Let's not become carried away in collective groupthink. 
Start asking Why. Start understanding what you get... and what you lose... and if it's worth it in the end. 

Friday, August 31, 2007

beginnings

This afternoon, I had a presentation in a fairly faraway part of town, so coming back took a long time. It was one of those evenings where anytime a plan can happen - one that you may want, and just as easily one that you have no choice over.
For some reason, I wasn't listening to music like I usually do. Took an auto, switch autos, auto again, chatting about work, then train for an hour, walk a while, eat a samosa-pao on LP station, then train again, and finally a half-hour walk back home.
Something... happened. Looking around me. Potholes and slush, no lights. Exhaust's blue haze swirling in the headlights of the stalled traffic. Constant rubbing of people squeezing past. In the train, people either fast asleep, or on the phone. Cells that just wouldn't stop ringing. Expressions of... life. Relaxed in sleep. Scrunched up in worry. Scowls. Smiles. Eyes flickering, flickering, flickering. Thinking. Moving in a herd up the overbridge, close press. The same steps. Every day. For five years.
Why do we do this?
We - distract ourselves. Flickering fantasies coming and gone on the screen. Conversations in cyberspace. Escapism. Music turned up loud, painfully loud. An empty road that must be raced through. Package holidays, point to point, on schedule. Today's bestsellers. Blockbusters. Superhits and megastars. Mob frenzy and media hype. Fast food and slow deaths. Cigs, booze, grass, hash, coke, E, meth, tranks, amphetamines, glue, iodex on bread.
We numb ourselves.
We don't want to see. We don't want to know. The harder reality bites, the further we go from it. We don't know what to do. We think there's no escape. We don't know what we want.

But I... think I do.
At least, that's what it feels like. It's not a depression. I''m not feeling trapped. I feel like I'm on the edge of the answer, the feeling you get when the equation suddenly starts obeying the rules, opposing variables start canceling each other out, and the scrawl burst over the page suddenly starts narrowing down, when you know that it's just a matter of time before x =

what?

I don't know. Not yet. But I'm getting there. I feel... excited.
It's going to take time. Months. Maybe the whole year. But I'm onto something.

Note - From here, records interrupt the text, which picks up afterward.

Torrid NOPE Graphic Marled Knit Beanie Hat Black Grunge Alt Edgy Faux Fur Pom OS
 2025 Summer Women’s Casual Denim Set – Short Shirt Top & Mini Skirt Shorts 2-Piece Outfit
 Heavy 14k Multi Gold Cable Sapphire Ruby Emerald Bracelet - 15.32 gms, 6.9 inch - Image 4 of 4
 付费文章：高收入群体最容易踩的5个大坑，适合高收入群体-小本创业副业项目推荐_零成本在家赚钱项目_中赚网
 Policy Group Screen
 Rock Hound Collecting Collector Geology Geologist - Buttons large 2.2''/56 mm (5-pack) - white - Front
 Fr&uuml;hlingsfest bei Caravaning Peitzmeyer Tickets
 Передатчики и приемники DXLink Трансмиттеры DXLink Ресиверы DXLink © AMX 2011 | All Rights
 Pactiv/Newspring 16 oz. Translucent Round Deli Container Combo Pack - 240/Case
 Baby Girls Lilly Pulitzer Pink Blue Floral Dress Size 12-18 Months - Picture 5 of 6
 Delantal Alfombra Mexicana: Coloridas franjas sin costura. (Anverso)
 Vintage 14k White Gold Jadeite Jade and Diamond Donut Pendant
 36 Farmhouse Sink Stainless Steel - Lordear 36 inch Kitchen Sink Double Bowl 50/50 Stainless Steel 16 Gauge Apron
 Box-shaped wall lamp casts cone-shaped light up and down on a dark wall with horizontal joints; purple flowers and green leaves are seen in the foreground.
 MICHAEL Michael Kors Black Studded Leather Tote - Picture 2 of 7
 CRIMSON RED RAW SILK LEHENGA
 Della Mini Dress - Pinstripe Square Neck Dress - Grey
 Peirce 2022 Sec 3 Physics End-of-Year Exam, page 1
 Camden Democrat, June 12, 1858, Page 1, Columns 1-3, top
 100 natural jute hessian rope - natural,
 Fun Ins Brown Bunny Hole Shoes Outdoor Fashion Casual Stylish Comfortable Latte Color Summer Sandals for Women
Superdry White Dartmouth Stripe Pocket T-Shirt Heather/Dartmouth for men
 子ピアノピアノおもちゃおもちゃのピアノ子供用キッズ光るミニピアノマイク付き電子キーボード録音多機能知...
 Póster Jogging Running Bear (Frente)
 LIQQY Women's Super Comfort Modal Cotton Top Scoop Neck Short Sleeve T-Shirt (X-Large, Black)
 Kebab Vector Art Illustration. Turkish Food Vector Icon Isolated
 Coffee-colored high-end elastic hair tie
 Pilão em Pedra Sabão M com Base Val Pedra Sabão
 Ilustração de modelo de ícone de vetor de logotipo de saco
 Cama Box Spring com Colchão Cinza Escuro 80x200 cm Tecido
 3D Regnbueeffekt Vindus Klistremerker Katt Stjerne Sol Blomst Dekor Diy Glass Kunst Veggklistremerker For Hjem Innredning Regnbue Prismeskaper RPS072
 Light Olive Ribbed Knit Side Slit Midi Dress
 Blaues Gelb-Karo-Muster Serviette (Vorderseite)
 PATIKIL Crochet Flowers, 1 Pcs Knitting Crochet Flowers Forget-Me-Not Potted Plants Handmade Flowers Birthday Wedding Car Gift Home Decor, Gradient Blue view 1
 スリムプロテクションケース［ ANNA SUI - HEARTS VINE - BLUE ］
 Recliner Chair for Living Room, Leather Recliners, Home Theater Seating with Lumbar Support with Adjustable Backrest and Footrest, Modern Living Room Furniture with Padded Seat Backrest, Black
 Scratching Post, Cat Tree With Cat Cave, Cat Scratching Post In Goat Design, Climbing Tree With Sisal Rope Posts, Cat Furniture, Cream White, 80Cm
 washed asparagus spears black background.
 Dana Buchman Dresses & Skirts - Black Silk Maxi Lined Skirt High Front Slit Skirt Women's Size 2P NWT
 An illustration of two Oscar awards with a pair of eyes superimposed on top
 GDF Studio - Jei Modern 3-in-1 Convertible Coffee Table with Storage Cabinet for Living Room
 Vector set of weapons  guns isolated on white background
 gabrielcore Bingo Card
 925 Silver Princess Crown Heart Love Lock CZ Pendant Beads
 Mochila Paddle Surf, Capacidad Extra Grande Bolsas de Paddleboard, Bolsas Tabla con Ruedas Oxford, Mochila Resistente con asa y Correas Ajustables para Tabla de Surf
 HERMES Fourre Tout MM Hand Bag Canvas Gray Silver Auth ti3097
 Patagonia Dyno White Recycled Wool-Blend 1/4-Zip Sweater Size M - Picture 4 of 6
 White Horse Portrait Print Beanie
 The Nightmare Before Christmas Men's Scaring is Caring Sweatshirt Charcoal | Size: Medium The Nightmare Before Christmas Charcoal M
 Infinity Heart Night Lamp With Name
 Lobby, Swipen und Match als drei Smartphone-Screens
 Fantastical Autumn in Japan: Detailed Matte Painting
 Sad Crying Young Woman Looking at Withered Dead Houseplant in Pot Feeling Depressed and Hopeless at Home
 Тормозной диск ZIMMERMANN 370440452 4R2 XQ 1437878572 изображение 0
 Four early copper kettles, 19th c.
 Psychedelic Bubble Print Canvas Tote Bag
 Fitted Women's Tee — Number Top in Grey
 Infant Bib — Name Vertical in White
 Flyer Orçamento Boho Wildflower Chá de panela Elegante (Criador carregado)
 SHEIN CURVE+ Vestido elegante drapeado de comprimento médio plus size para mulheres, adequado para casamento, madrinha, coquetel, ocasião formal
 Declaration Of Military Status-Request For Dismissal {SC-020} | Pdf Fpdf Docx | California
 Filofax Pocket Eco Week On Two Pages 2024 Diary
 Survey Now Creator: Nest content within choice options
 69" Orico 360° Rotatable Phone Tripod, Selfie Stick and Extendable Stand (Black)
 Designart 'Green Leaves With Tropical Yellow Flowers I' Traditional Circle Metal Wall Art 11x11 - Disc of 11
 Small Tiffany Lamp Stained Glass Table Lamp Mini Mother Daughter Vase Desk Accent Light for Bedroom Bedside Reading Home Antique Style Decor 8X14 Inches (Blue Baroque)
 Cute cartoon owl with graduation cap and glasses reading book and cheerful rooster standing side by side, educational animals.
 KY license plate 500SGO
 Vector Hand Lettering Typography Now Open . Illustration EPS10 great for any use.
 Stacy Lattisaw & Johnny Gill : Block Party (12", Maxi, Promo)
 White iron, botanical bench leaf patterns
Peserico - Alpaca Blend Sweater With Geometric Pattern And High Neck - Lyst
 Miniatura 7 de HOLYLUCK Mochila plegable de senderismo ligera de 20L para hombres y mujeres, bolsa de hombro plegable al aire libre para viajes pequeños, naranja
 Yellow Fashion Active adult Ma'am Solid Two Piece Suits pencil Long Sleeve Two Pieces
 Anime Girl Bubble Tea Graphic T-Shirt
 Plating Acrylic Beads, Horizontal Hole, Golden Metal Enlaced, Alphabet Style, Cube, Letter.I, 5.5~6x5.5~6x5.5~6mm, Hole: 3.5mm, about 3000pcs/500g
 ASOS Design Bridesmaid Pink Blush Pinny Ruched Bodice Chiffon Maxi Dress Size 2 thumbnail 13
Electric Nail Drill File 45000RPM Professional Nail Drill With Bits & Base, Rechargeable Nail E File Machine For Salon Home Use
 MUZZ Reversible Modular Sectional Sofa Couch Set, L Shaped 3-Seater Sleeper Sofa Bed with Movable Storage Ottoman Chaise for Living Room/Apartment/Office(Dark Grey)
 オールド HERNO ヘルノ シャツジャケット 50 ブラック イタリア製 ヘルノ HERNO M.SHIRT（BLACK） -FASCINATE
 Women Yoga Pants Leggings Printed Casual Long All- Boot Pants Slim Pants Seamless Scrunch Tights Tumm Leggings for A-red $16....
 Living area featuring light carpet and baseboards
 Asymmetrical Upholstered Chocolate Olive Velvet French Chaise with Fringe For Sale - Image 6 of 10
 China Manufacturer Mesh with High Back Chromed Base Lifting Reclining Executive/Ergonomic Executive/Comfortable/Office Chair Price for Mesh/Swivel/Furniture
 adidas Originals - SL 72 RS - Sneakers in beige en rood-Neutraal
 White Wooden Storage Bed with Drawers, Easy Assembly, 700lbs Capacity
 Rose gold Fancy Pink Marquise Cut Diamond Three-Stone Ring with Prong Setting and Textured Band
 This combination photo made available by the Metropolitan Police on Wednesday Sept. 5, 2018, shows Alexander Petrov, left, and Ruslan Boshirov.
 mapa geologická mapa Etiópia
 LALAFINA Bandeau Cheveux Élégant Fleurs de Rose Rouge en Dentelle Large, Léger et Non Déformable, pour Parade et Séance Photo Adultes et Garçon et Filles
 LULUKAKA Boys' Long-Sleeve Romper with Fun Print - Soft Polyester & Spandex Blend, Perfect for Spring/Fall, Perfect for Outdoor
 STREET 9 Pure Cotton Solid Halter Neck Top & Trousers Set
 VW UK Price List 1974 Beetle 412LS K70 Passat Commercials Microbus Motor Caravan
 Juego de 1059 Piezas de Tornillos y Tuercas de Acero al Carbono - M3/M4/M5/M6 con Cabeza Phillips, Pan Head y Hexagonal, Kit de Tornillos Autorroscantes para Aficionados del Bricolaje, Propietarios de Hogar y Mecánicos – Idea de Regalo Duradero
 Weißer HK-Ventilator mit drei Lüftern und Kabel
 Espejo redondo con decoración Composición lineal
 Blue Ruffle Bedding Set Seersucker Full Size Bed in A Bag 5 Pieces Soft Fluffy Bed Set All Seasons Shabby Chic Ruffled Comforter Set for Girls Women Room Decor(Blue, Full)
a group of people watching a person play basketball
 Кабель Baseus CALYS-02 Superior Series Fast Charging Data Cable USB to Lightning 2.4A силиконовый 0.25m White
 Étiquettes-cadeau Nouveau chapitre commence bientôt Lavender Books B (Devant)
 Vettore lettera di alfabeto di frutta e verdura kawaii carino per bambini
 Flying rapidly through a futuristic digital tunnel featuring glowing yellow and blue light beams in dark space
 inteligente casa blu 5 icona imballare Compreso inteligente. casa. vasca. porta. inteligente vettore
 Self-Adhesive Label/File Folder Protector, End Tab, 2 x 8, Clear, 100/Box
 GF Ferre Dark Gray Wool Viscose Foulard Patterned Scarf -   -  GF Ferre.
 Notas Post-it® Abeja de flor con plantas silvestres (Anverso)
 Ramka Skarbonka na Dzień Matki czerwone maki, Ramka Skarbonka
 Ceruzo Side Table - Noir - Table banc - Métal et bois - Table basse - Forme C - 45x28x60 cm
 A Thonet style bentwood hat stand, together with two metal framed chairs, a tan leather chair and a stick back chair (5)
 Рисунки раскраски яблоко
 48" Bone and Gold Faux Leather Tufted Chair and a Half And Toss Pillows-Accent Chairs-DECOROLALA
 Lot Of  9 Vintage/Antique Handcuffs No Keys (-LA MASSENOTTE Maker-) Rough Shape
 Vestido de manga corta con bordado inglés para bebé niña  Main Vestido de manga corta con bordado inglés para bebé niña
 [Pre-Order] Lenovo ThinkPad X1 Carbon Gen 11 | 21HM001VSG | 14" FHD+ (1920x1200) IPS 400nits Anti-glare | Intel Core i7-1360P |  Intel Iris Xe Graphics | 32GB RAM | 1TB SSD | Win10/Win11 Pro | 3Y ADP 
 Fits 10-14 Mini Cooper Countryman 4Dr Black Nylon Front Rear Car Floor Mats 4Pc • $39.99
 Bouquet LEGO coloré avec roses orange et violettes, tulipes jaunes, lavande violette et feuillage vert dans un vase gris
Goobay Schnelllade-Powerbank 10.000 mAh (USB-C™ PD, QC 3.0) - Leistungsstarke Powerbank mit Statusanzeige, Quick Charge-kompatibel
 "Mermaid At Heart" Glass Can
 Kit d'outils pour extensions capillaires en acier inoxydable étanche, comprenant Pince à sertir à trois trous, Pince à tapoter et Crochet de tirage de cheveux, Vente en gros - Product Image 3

Life isn't just about to change.
It's already started.

Friday, March 30, 2007

Social networks and you

Social networks touched my life several times today, unrelatedly - A news article about teenagers forsaking Myspace for Lent; a series of responses to a request for advice on orkut; a new widget on this blog (see the sidebar) that lets readers add scraps on my orkut; and a daily horoscope that advised me to reflect on past relationships and what I've learned.
It suddenly hit me that the people I ask for advice, for example - or any time when I need to get in touch with people that I'm not interacting with daily - I turn to my online networks first of all. Which means people who are not on them - or are infrequently on them - are virtually non-existent in my life.
It's... insidious. Because there are so many people there anyway, immediate purposes get served... until one day you realize that there were once people who played a very important role in your life, years ago, that for no discernible reason you fell completely out of touch with.
It's a new caste system, the haves... and the have-nots.